Time Complexity: O(N log N) for Pandas (due to sorting), O(N) for MySQL (window functions are optimized). N is the number of rows in the Scores table.

Space Complexity: O(N) for Pandas (to store the DataFrame), O(N) for MySQL (to store the result set).

Solution 2: Using Variables (MySQL)

This approach uses MySQL variables to simulate the ranking process. It's less efficient but demonstrates a different way to achieve the result.

SELECT
    Score,
    CONVERT(rk, SIGNED) `Rank`
FROM
    (
        SELECT
            Score,
            IF(@latest = Score, @rank, @rank := @rank + 1) rk,
            @latest := Score
        FROM
            Scores,
            (
                SELECT
                    @rank := 0,
                    @latest := NULL
            ) tmp
        ORDER BY
            Score DESC
    ) s;
  • @rank := 0, @latest := NULL: These lines initialize two user-defined variables: @rank to track the current rank and @latest to store the previously processed score.

  • IF(@latest = Score, @rank, @rank := @rank + 1): This is the crucial part. It checks if the current Score is the same as the @latest score. If they are equal (a tie), it keeps the same rank (@rank).
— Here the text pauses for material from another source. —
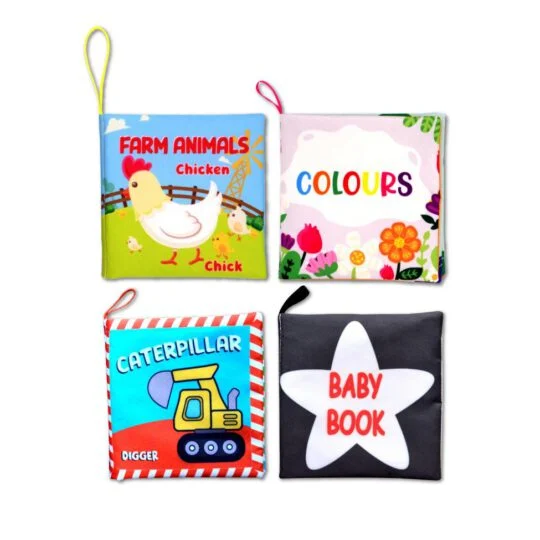 Colours , Farm Animals , Baby Book ve Construction Vehicles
Otherwise, it increments @rank and assigns the new rank.

  • @latest := Score: This updates @latest with the current Score for the next comparison.

  • ORDER BY Score DESC: The outer query sorts the results in descending order of score.
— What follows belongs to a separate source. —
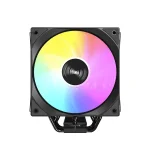 RAIDMAX AM1204B ARGB 120mm fekete hőfok kijelzős processzor hűtő - Image 2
Time Complexity: O(N log N) due to the ORDER BY clause.

Space Complexity: O(N) for the result set.

Conclusion:

The solution using window functions (Solution 1) is generally preferred due to its better performance and readability. Solution 2 is provided for illustrative purposes to show an alternative approach, but it's less efficient than the window function approach. Choose the solution that best suits your needs and understanding; for most cases, the window function approach is recommended.